> [SUPPLIED INFORMATION]
....
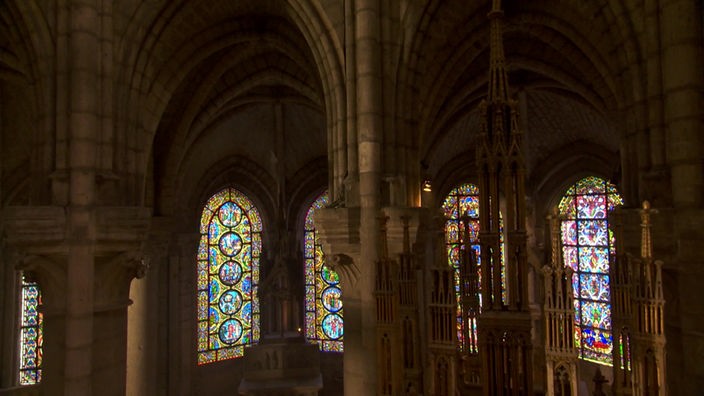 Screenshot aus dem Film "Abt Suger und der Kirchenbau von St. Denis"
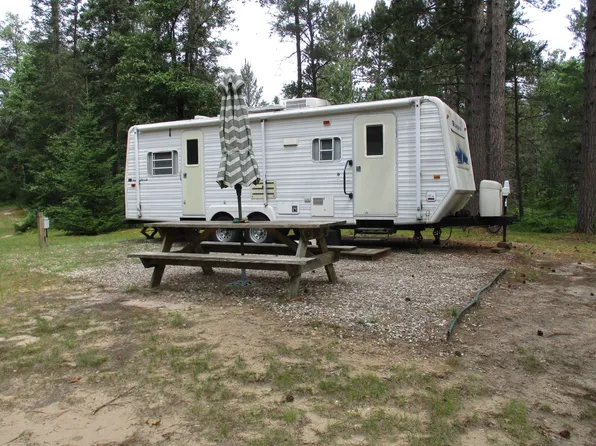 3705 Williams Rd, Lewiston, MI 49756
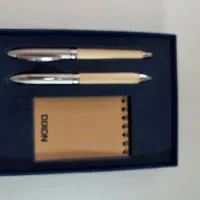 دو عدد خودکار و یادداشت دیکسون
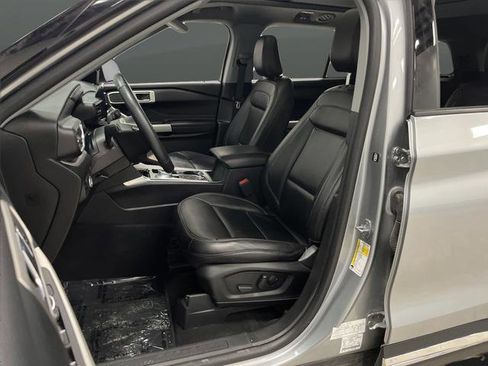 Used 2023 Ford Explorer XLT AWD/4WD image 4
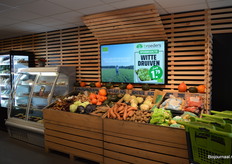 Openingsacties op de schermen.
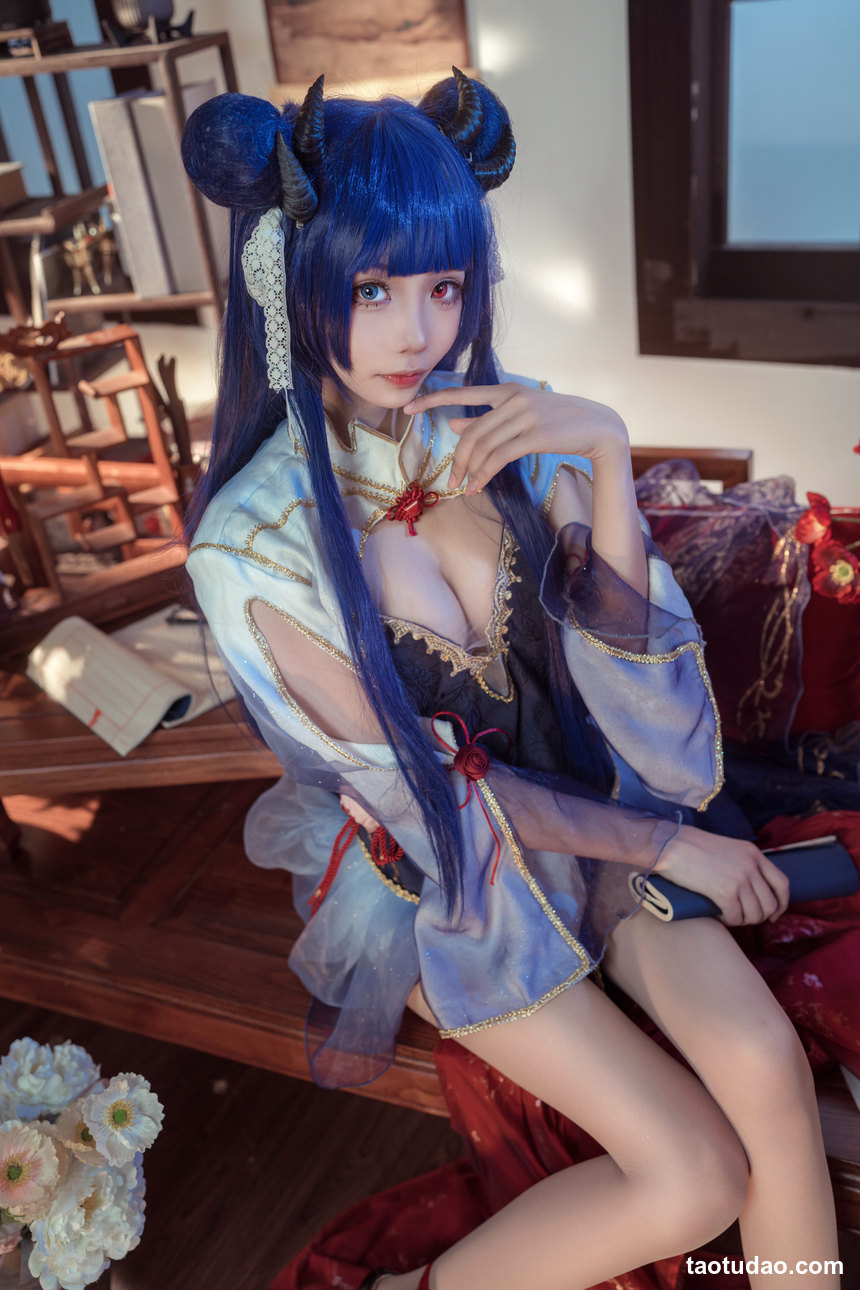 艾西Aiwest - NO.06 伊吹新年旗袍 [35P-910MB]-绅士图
....
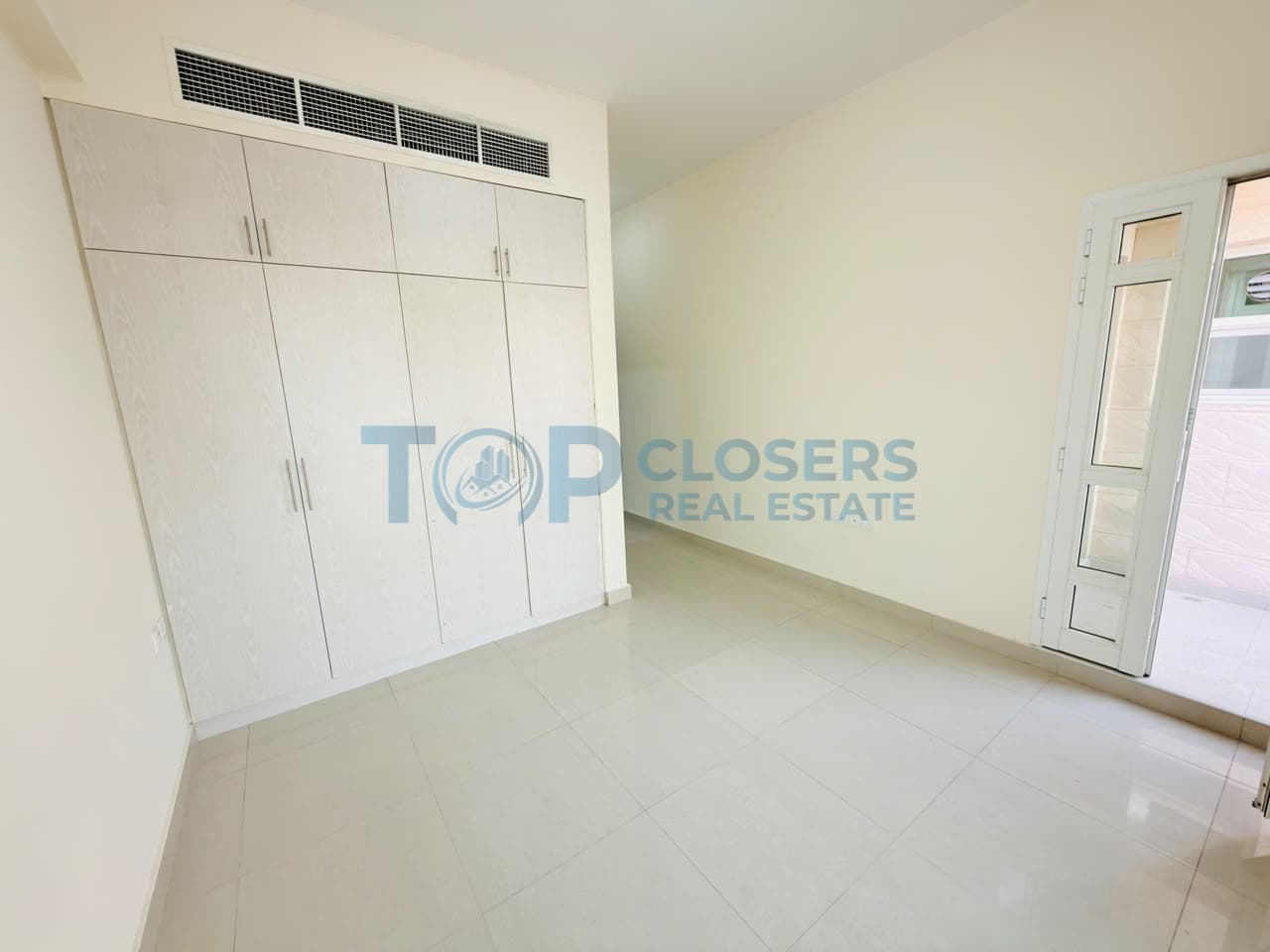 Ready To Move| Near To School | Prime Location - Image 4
....
> [WHAT IS REQUIRED] Copy the lines above between the one holding "Screenshot aus dem" and the one holding "艾西Aiwest - NO.06 伊吹新年旗袍 [35P-910MB]-绅士图", inclusive. Drop the pictures.

> [WRITTEN RESPONSE]
 Screenshot aus dem Film "Abt Suger und der Kirchenbau von St. Denis"
 3705 Williams Rd, Lewiston, MI 49756
 دو عدد خودکار و یادداشت دیکسون
 Used 2023 Ford Explorer XLT AWD/4WD image 4
 Openingsacties op de schermen.
 艾西Aiwest - NO.06 伊吹新年旗袍 [35P-910MB]-绅士图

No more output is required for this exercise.